“Wow. That was …” These are the words coming out of my boyfriend’s mouth as we sit, hands stinging from clapping for the performers of OCD Love. “Awesome!” I cry, grinning so hard my face hurts. My date and I have boiled down to our most basic selves — about to high five over the surge of emotions, the depth of being, the mere question of our own existence! — and me, a writer, well, all I can come up with is, “Awesome.”
OCD Love does this to you — hurls you against the wall then gently picks you off the floor, only to spin you around and ’round again. God, it’s a good show. I knew five minutes in that it would be consistently good. How can you know that? You can’t really. The music, played live by Ori Lichtik, is loud, powerful, and all-consuming. And then there was dancer Rebecca Hytting who has the floor for the first five minutes of the show, solo dancing, strong, pulsing, one muscle connecting with the next only to fall back onto itself, well, OCD Love had me at Rebecca.
I spoke to Hytting a couple months ago via Skype — she was in Israel, I was in a frigid conference room in downtown Charleston. And yes, cliched as it sounds, we connected over those miles and hours and cultures and slight language barriers. Because Hytting knows the power of the show. In April she told me, “It’s usually a place where people are open for something new or different; it’s something connecting audiences between countries.”
Was Charleston ready for something new or different? Last night’s crowd was, and for that, I am grateful — and hopeful. What was most telling was the audience reaction — no coughing, no whispering, no fidgeting. Everyone was captivated. Like Hytting said … there’s “something connecting.”
In addition to Hytting, OCD Love features Darren Devaney, Gon Biran, Mariko Kakizaki, and Keren Lurie Pardes. All five dancers were incredibly talented and strong, so very strong. They take turns holding a certain pose, which my boyfriend surprisingly acurrately, described as “playing air guitar.” At first it’s Devaney, with just Hytting on stage. He slowly circles the stage, holding his arms as if, yes, he were playing the guitar, or as I saw it, holding the strings to Hytting’s marionette. She curls into herself, busts open, every move carefully, methodically orchestrated.
There are moments of flow, too. OCD Love is not a Gaga dance performance, but rather a show whose performers often practice Gaga, which, I’m going to very unofficially compare to yoga. Context, y’all. So many of the movements onstage are careful, powerful, and flexible displays of the human body performing at 100 miles an hour, condensed into arms and legs. And then there are the moments of flow, where Hytting or Kakizaki or Pardes say, “fuck it,” and go leaping across the floor.

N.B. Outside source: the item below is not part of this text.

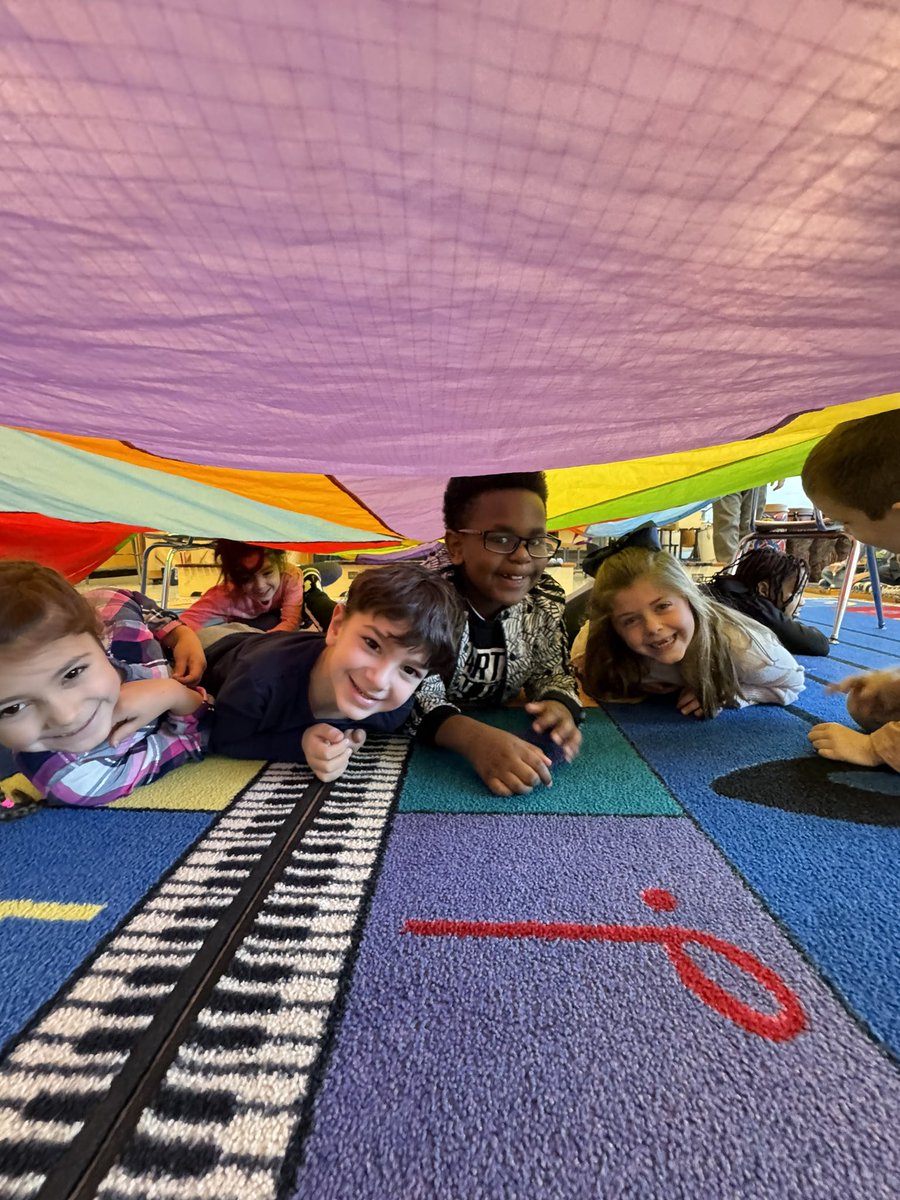 Singing and hiding in ‘The Mitten’ from Jan Brett’s Winter classic with 1st Gr <a href="/MrsBerger_4/">bergerbunch😊</a> <a href="/sunshinesin106/">Laila Savelis</a> <a href="/WWP_Dalers/">WWP_Dalers</a>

The show is based on the poem, OCD Love, by Neil Hilborn, which goes like this: I asked her out six times in thirty seconds. She said yes after the third one, but none of them felt right so I had to keep going. As I walked out of the theater I heard a man behind me say, “So moving … mental illness.”
Obsessive compulsive disorder is a mental illness and I do think it’s explored in this piece. As choreographer Sharon Eyal says of the Hilborn’s poem, and her resulting performance, “It is the first time that the core of the piece is shaped in my head, and so figurative, before we have even begun working. I know the way it feels and smells. Like the end of the world, without mercy. A smell of flowers, but very dark. Like falling into a hole and not coming back. A lot of noise, but desperation for quiet.”
And that is what the show is … but I think it’s about more than OCD. I think it would be reductive to leave it at that. With any mental illness, life, in your mind, can become distorted. Depression slows things down. Anxiety speeds things up. Life is lived in bursts and shouts and I speak from experience when I say that it can feel so very, very dark and then, suddenly, like the brightest place you’ve ever wandered into.
So yeah, maybe I fell into a hole last night. Maybe the beads of sweat on the dancers, their smirks, their contorted displays of despair, their occasional yelps, felt so much closer than rows of seats and a stage away. I can climb out of the hole but some people can’t and thinking of them, and how that must feel, leaves me bent into myself, like Hytting onstage, waiting, — perhaps forever — for my strings to be pulled.